**Input data**

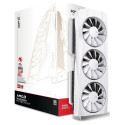 XFX Quicksilver Radeon RX 9070 XT White Magnetic Air 16GB GDDR6 graphics card (RX-97TMAQKW9)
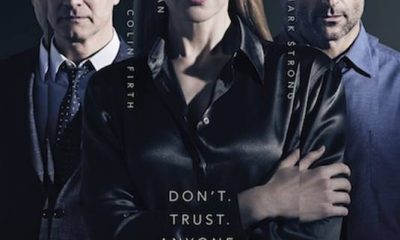 BEFORE I GO TO SLEEP Poster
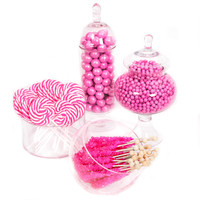 Pink Candy Buffet - Large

**Goal of the exercise**
Repeat the listing word for word, but without its pictures.

**Task answer**
 XFX Quicksilver Radeon RX 9070 XT White Magnetic Air 16GB GDDR6 graphics card (RX-97TMAQKW9)
 BEFORE I GO TO SLEEP Poster
 Pink Candy Buffet - Large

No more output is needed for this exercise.